According to the indictment -- filed in U.S. District Court for the Middle District of Pennsylvania in Williamsport, Pa., Thursday and unsealed Friday -- the Rigases created a complex network of family-owned partnerships to use $1.9 billion in Adelphia funds to buy cable systems and Adelphia stocks and bonds and for their personal use.
The Rigases each were indicted on one count of conspiracy to defraud and six counts of tax evasion.
The indictment stated that from 1998-2000, John Rigas failed to report $143 million in income and Timothy Rigas failed to report $239 million. The indictment also claimed that both Rigases also helped family members Michael Rigas, James Rigas and Ellen Rigas to avoid paying $179 million in taxes during the same period. Michael, James and Ellen Rigas were not indicted.
For example, in 1998, the Internal Revenue Service claimed, John Rigas reported taxable income of $830,776 and paid taxes of $326,099 when his actual income for that year was $62.4 million (with a corresponding tax bill of $24.2 million). Timothy Rigas, the IRS claimed, reported taxable income of negative $6.6 million and paid no taxes when his actual income was $50.8 million, on which he owed $20.01 million in taxes.
In 1999, the IRS claimed, John Rigas filed tax returns stating that his income for that year was negative $44,155 and paid taxes of $4,872, when his actual income was $39.7 million and he owed $15.7 million in taxes.
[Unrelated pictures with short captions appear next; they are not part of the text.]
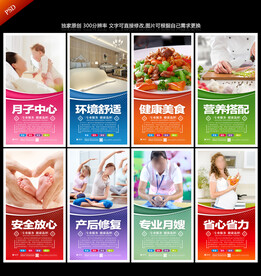 月子中心
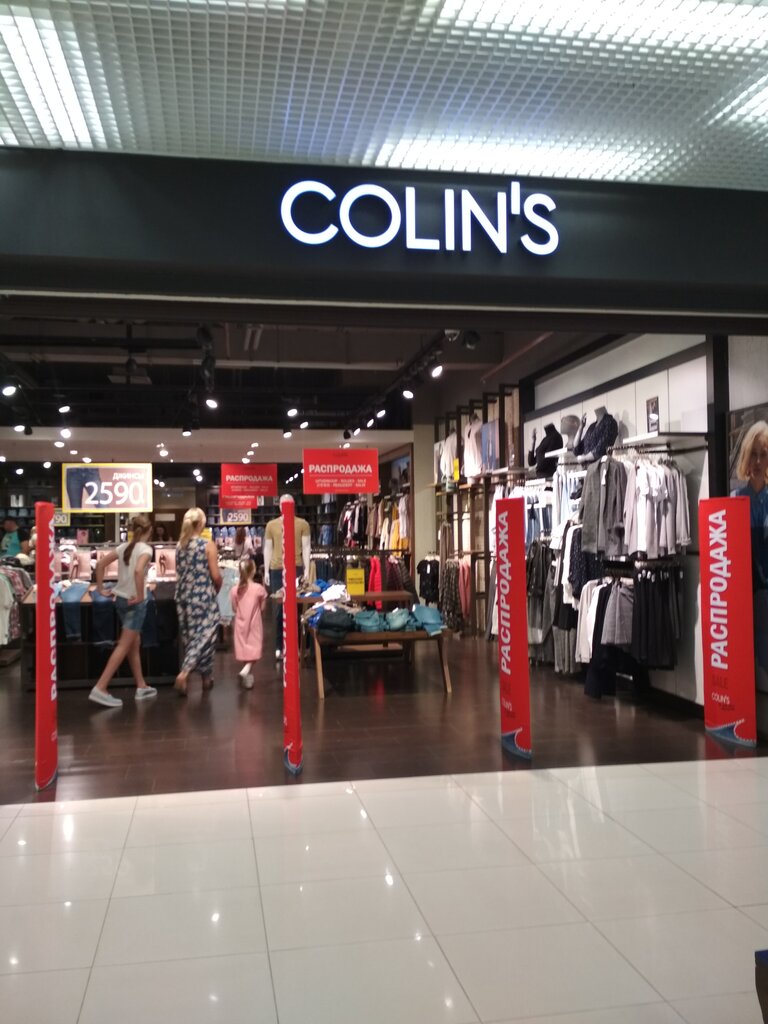Магазин одежды Colin's, Тамбов, фото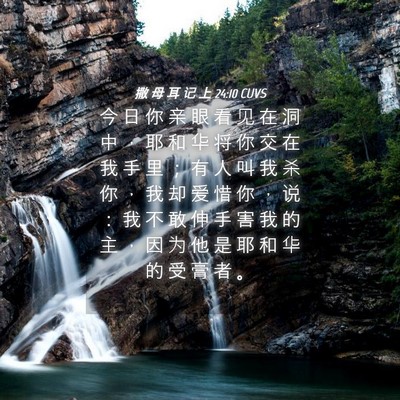 Picture 04 - 撒 母 耳 记 上 24:10 CUVS - 今 日 你 亲 眼 看 见 在 洞 中 ， 耶 - Bible Verse Picture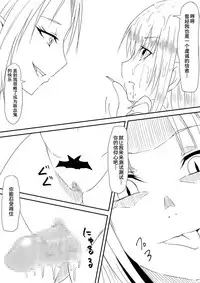 [Mikezoutei] Kyuuketsuki ni Okasaremakutta Konyakusha ga Ageku ni Jishin mo Kyuuketsuki-ka Shite Semeru Gawa ni Naru Hanashi [Chinese] [这很恶堕汉化组]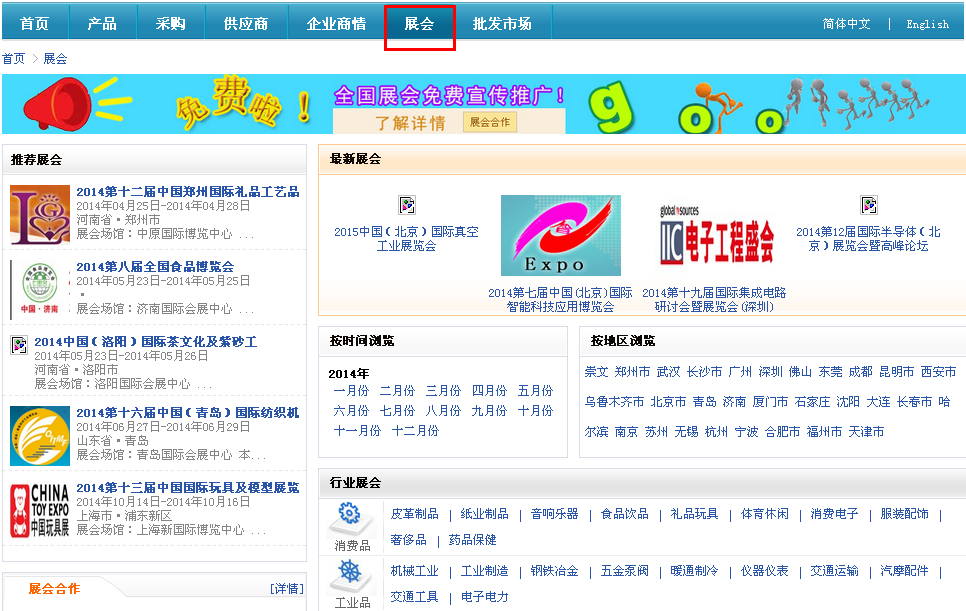 QQ截图20140508134548.png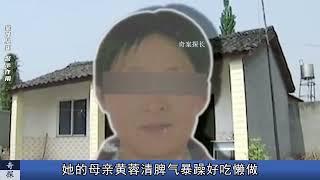 四川慘案:女兒的瘋狂 #案件 #探案 #懸案 #懸疑 #案件解說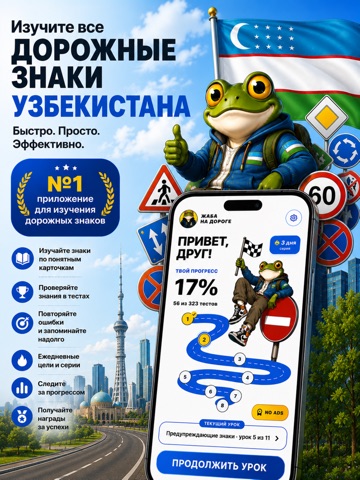 ПДД Знаки Узбекистан iPad screenshot
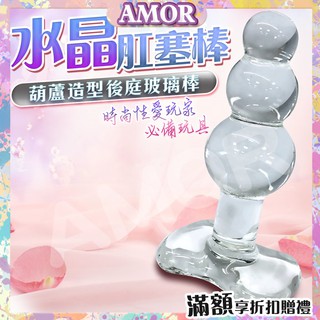 蝴蝶結 葫蘆造型 後庭水晶冰火玻璃棒水晶玻璃按摩棒 肛門自慰器玻璃棒 水晶後庭 擴肛器 後庭按摩棒情趣 透明按摩棒男同誌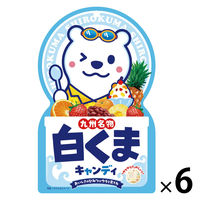マシュマロ おいしいマシュマロ EX.MARSHMALLOW ｜ エクスマシュマロの紹介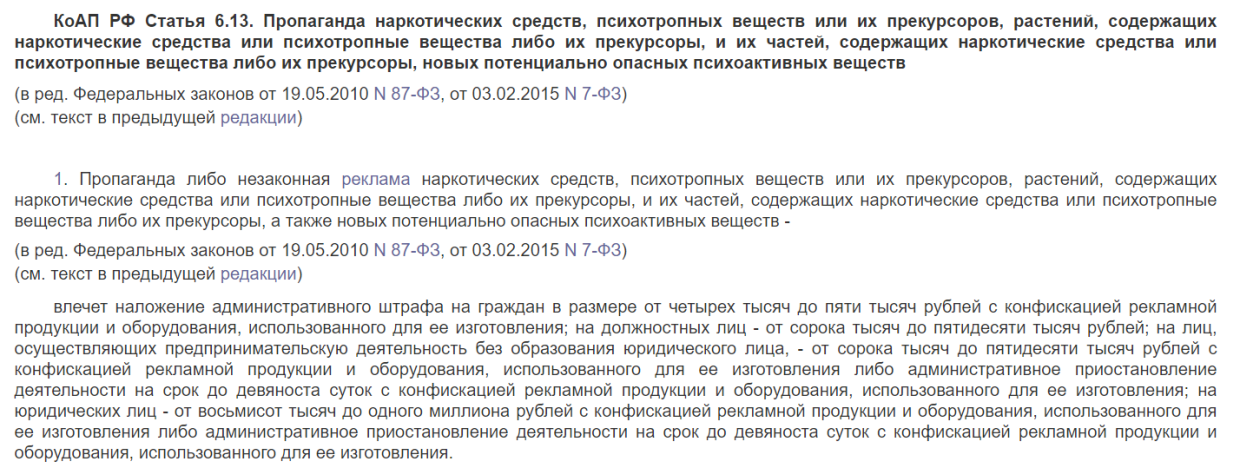 Задолженность по алиментам уплатить. Неустойка за несвоевременную уплату алиментов. Неустойка за несвоевременную уплату алиментов носит. Статья 114. Статья 114 сколько дают.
That same year, Timothy Rigas claimed negative $10.4 million in taxable income (and paid no taxes) when his actual income was $78.5 million (with a tax bill of $31 million).
John and Timothy Rigas were convicted in July 2004 on 18 counts of fraud and conspiracy relating to their participation in a widespread accounting scandal that sent Adelphia into bankruptcy in 2002.
As part of that scandal, the Rigases hid more than $2 billion in Adelphia debt and siphoned hundreds of millions of dollars from the MSO for their own personal use.
John Rigas was sentenced to 15 years in prison and Timothy Rigas received a 20-year sentence in June. The two men are free pending appeal.